:: PROVIDED MATERIAL ::

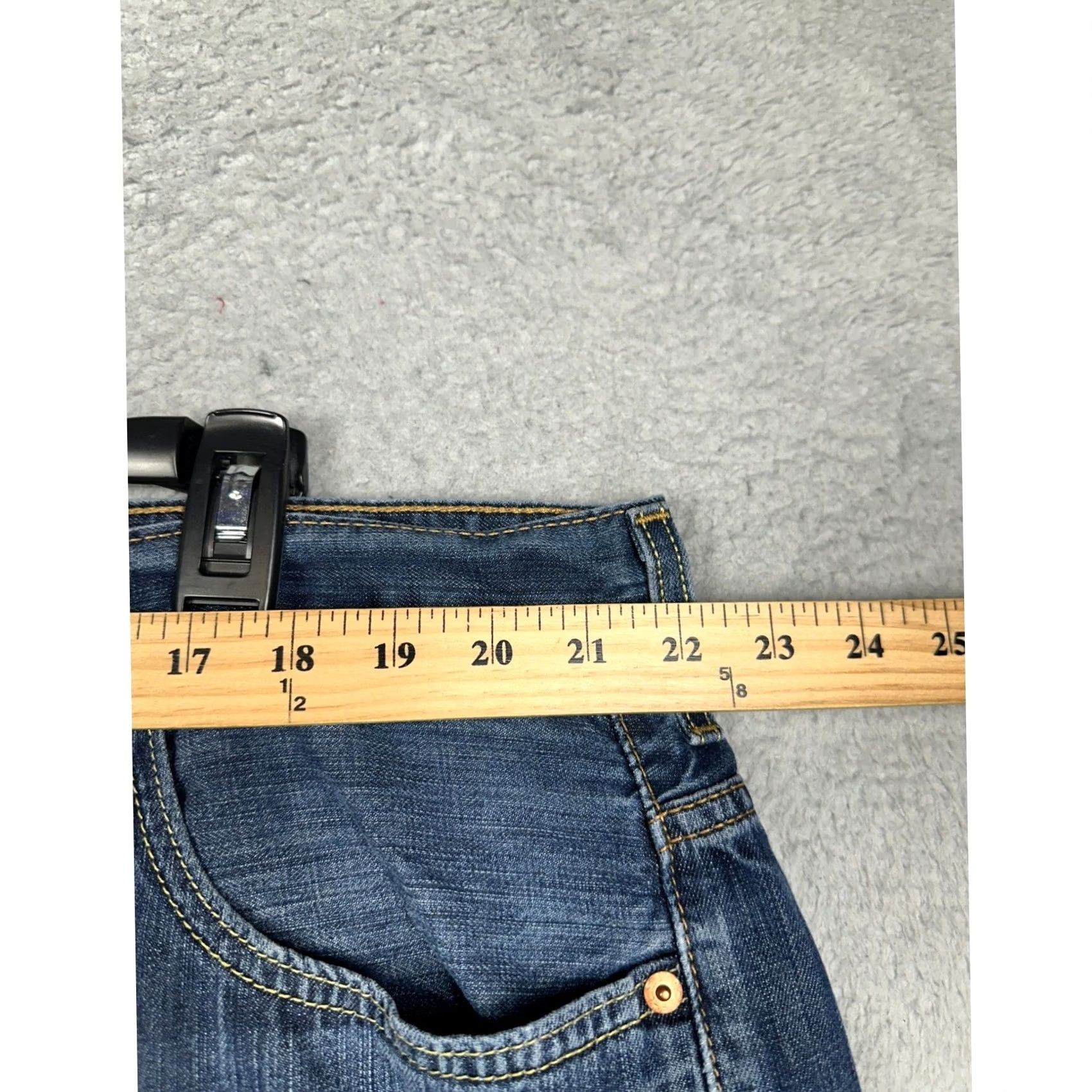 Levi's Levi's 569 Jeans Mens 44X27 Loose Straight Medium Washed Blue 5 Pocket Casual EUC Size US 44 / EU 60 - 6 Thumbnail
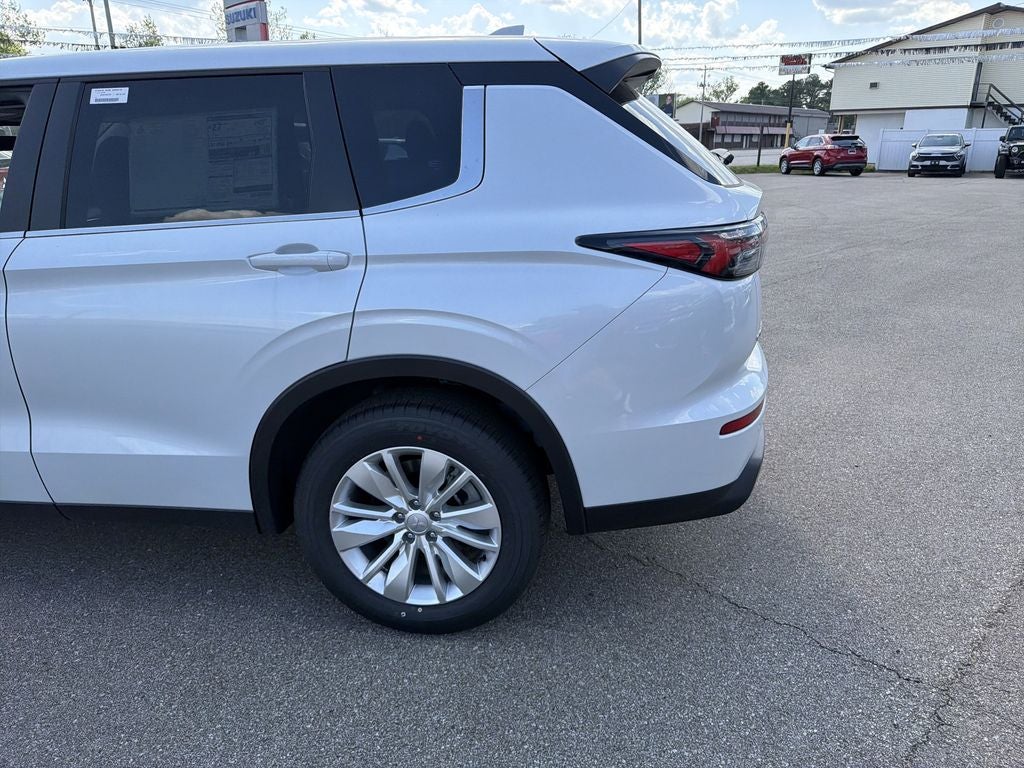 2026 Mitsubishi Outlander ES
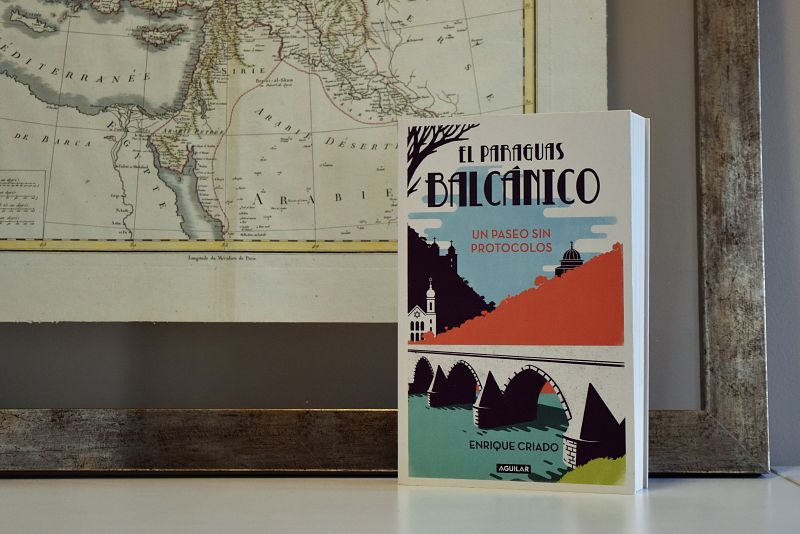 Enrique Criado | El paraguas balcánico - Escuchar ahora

:::

§ TASK PROMPT
All that is needed is the lines from the line holding "2026 Mitsubishi Outlander ES" to the final line of the listing above, repeated exactly, pictures excluded.

§ ANSWER FOR THIS EXERCISE
 2026 Mitsubishi Outlander ES
 Enrique Criado | El paraguas balcánico - Escuchar ahora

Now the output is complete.